The first generation that needs to learn unlearning
- Diana Gramada
- Jan 26
- 3 min read
We were raised to believe that knowing more makes you smarter.
Then AI showed up and memorized the entire internet in about five minutes and suddenly your university degree looks like a very expensive PDF.
We were trained to collect answers, not to question them.
You did not get points for asking “why does this system exist” or “who benefits from this answer.” You got points for circling the correct option and staying inside the lines like a well behaved future employee. Degrees, certifications and job titles were treated as permanent proof of relevance. That model worked when systems evolved slowly and knowledge had time to age gracefully. Today, information expires faster than people are willing to admit.

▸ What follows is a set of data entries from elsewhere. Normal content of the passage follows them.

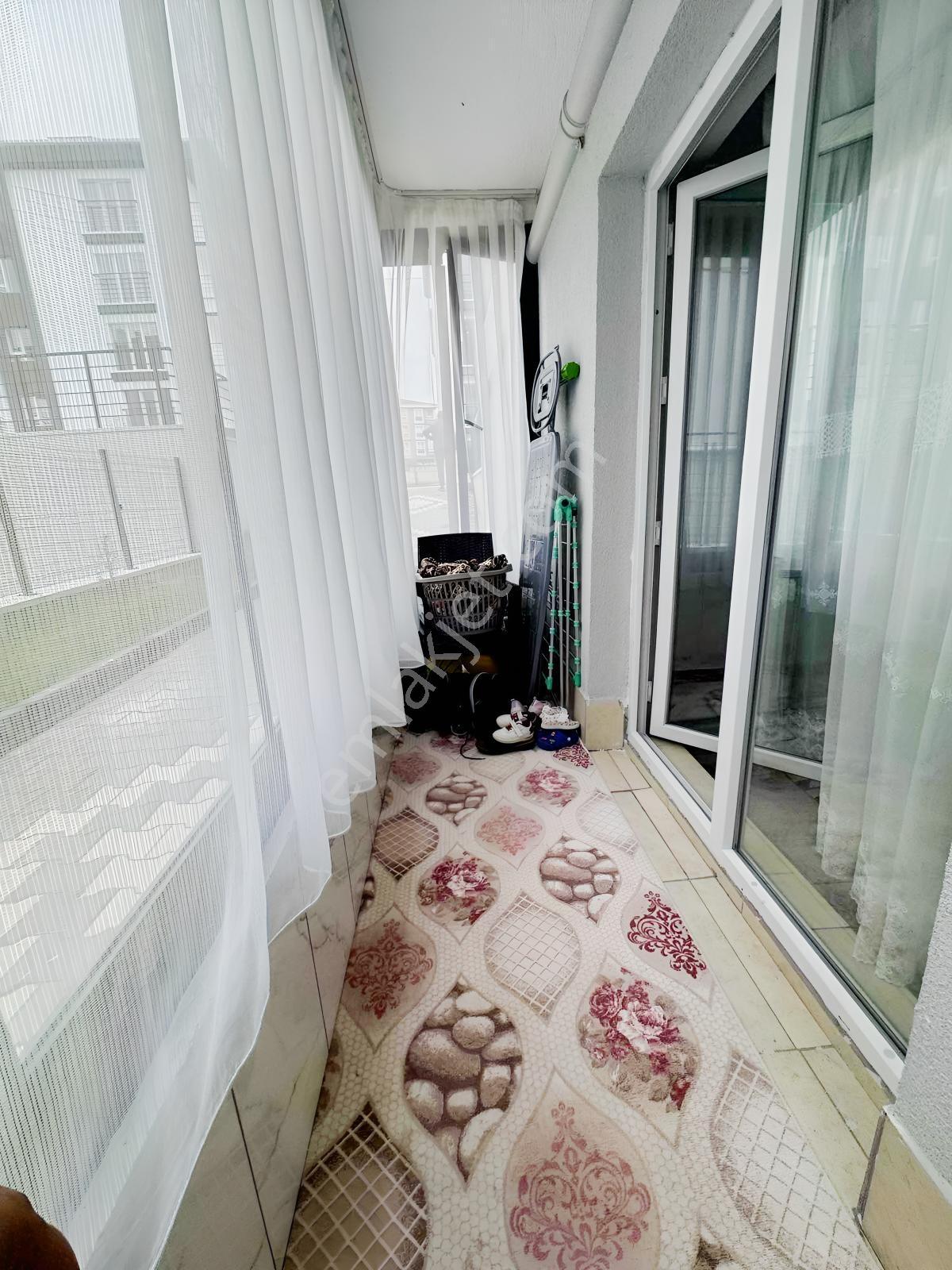 Şahin Grouptan Beşikkaya Mah Cadde Yakını 2+1 Süper Lüx — fotoğraf 12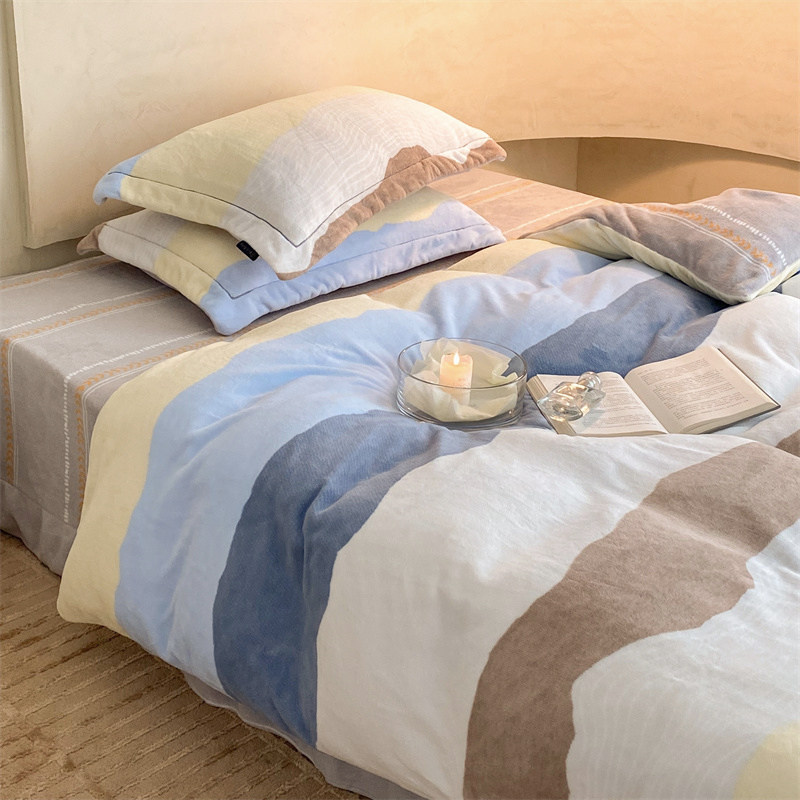 Four-piece winter quilt cover winter plush milk velvet flange bedding four-piece set suede coral velvet thickened double-sided velvet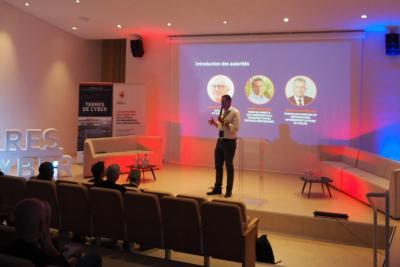 Agrandir l'image 9 sur 70, fenêtre modale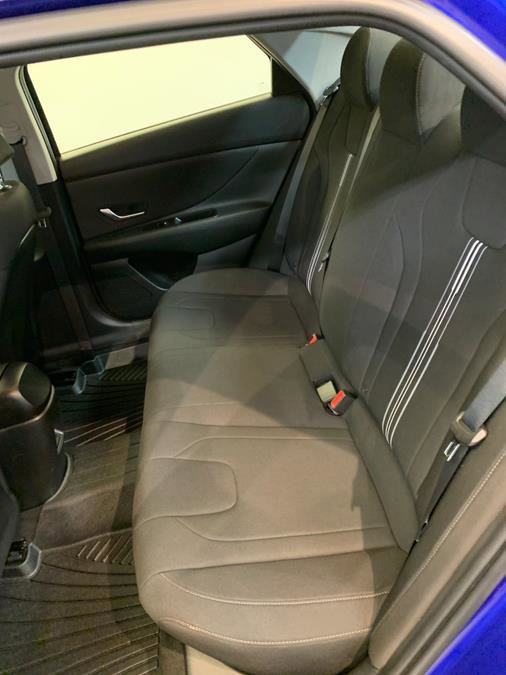 Used 2024 Hyundai Elantra SEL image 35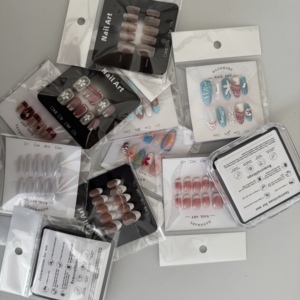 <span class=keywords><strong>Uñas</strong></span> Postizas Hechas a Mano <span class=keywords><strong>de</strong></span> Alta Calidad, <span class=keywords><strong>Precio</strong></span> <span class=keywords><strong>de</strong></span> Fábrica, Venta al Por Mayor, Lisas, Gruesas y Personalizables - Product Image 4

AI can retrieve facts instantly. It cannot understand context in the way humans can. It does not grasp intention, moral weight, cultural nuance or long term consequences. The uncomfortable part is that many humans stopped practicing those skills because the system did not reward them. When AI began outperforming humans it exposed how underused human judgment had become.
This is where unlearning enters the conversation and this is also where people become defensive.
Unlearning feels like failure because it requires admitting that something you trusted, defended or built your identity around is no longer useful. Humans prefer loyalty to familiar ideas over adaptation, even when those ideas are actively holding them back. We often call this consistency, professionalism or principle when it is actually fear of looking uninformed.
A clear example is the obsession with hard skills. For years, people were told that learning specific tools would future proof their careers. Learn this software, master that platform, collect certifications and stability will follow. AI learned all of those tools at once and did not even need a tutorial. Now the valuable skill is not knowing how to use a tool, but knowing when it should be used, why it should be used and when its output should be questioned. The people panicking are not those without skills, are the ones whose skills operate without thinking.
Unlearning means removing mental shortcuts that no longer function in the current environment. Assumptions like believing that confidence equals correctness, that professional language guarantees truth or that past success ensures future relevance are no longer reliable. Nostalgia is fine for music and memories.
Artificial intelligence has made thinking uncomfortable again.
For a while, speed replaced reflection and automation replaced understanding. AI flipped that comfort on its head. Humans are now forced to evaluate outputs, question results, recognize hallucinations and accept uncertainty without collapsing emotionally.
The real divide in the future will not sit between people who use AI and people who refuse it. That framing is convenient but shallow. The difference will show up between those who are willing to revise how they think and those who guard old ideas as if they were personal property. One side adjusts when the environment changes, questions its own certainty, and accepts discomfort as part of growth. The other side spends energy complaining online, pointing fingers at technology and avoiding the harder realization that the ground shifted long before AI arrived.
The real homework for this generation has very little to do with speed or effort. Working harder and learning faster only help when direction is clear. What matters now is the ability to let go of ideas that no longer match reality, to develop judgment instead of relying on reflex and to stay mentally flexible in a world that no longer rewards confidence just because it sounds familiar.
AI raised the bar, and many of the old excuses no longer hold up.